Subject to the conditions below, Shatterproof Glass Corporation warrants its insulating glass units for a period of twenty (20) years from the date of manufacture against defects in material or workmanship that result in moisture accumulation, film formation or dust collection between the interior surfaces resulting from failure of the hermetic seal
OUR EXCLUSIVE REMEDY AND THE LIMIT OF OUR LIABILITY UNDER THIS WARRANTY SHALL BE TO FURNISH A REPLACEMENT FOR ANY LITE FAILING TO MEET THE TERMS OF THIS WARRANTY F.O.B. DETROIT TO THE SHIPPING POINT NEAREST THE INSTALLATION IN NO EVENT WILL WE BE LIABLE FOR SPECIAL, INCIDENTAL OR CONSEQUENTIAL DAMAGES OR MONEY DAMAGES IN EXCESS OF THE COST OF THE LITE THE FOREGOING IS IN LIEU OF ALL OTHER WARRANTIES EXPRESS OR IMPLIED WHETHER FOR MERCHANTABILITY OR OTHERWISE (Emphasis added.) (Footnotes omitted.)

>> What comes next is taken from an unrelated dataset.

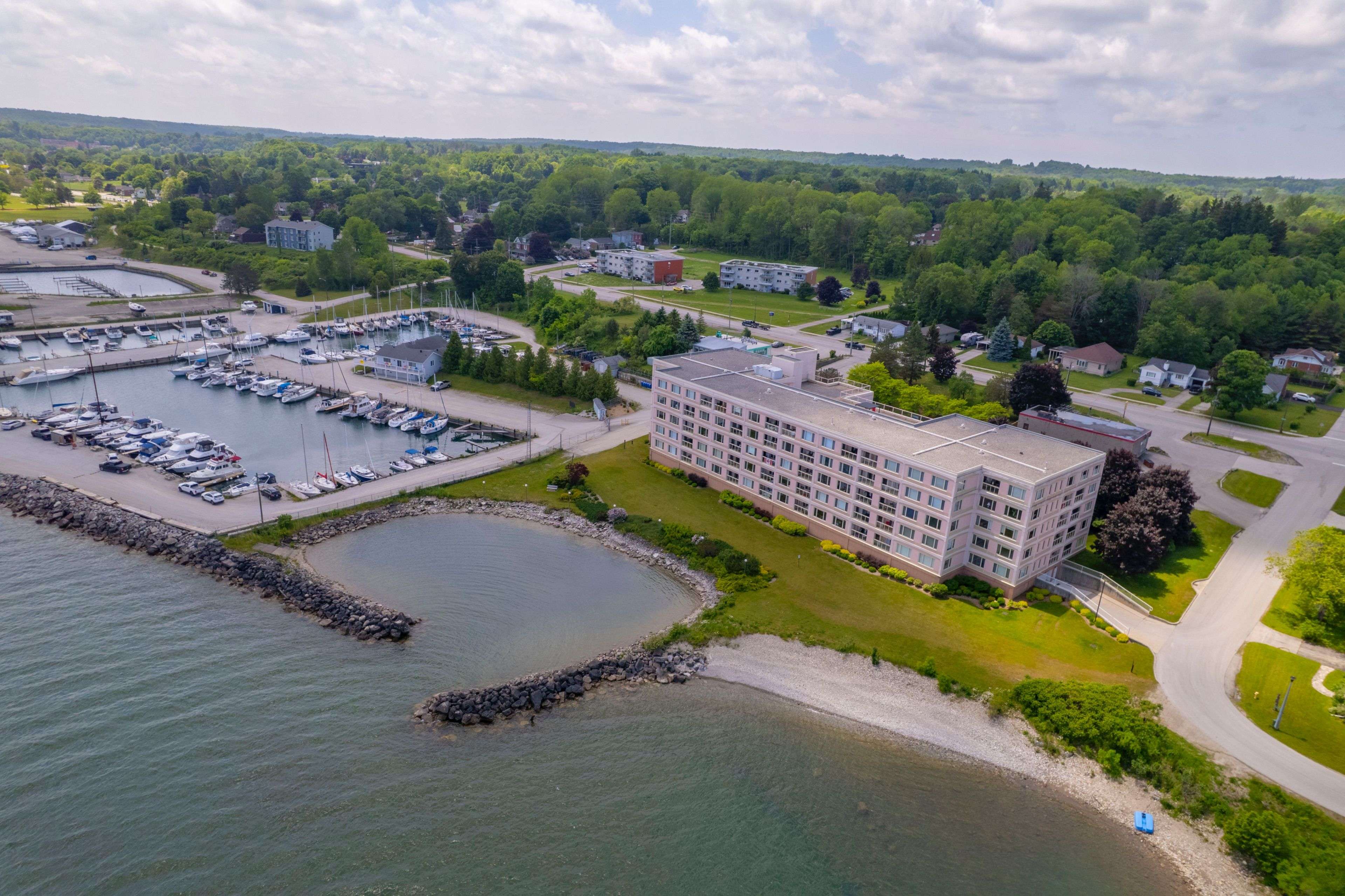 Georgian Bluffs, ON N4K 6T8,2555 3rd AVE W #309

At trial, plaintiffs’ experts testified that they had disassembled 39 panels which had evidenced seal failure, conducted a visual inspection of all of the panels, and subjected a sample of visually nondefective panels to a dew-point test. Two hundred and thirty-one panels evidenced moisture accumulation between their panes upon visual inspection and 57% of the panels failed the dew-point test (frost formed inside the panes when subjected to a -40° F temperature, indicating moisture accumulation).

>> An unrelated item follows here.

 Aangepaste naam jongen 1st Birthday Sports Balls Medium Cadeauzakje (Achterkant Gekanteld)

The experts testified that the facts established that two-thirds of the panels had experienced seal failure caused by Shatterproof’s failure to properly treat or clean the metal spacer bars between the panes of glass (a workmanship defect). The seal failures prevented the necessary adhesion of the butyl sealant to the spacer bars, which permitted moisture accumulation between the panes and resulted in obscured vision. The experts added that, in light of the consistent and extensive nature of the failures which had occurred, it was likely that all of the panels would experience such premature seal failure.

Plaintiffs also adduced evidence that neither Shatterproof nor any other supplier could furnish glass with a color tint and reflectivity matching that of the original panels. Plaintiffs submitted that piecemeal replacement of defective glass panels would only worsen the unsightly checker*270board appearance of the building.2 Their experts testified that, in order to restore the building to a commercially tolerable appearance, complete replacement of all the panels was necessary.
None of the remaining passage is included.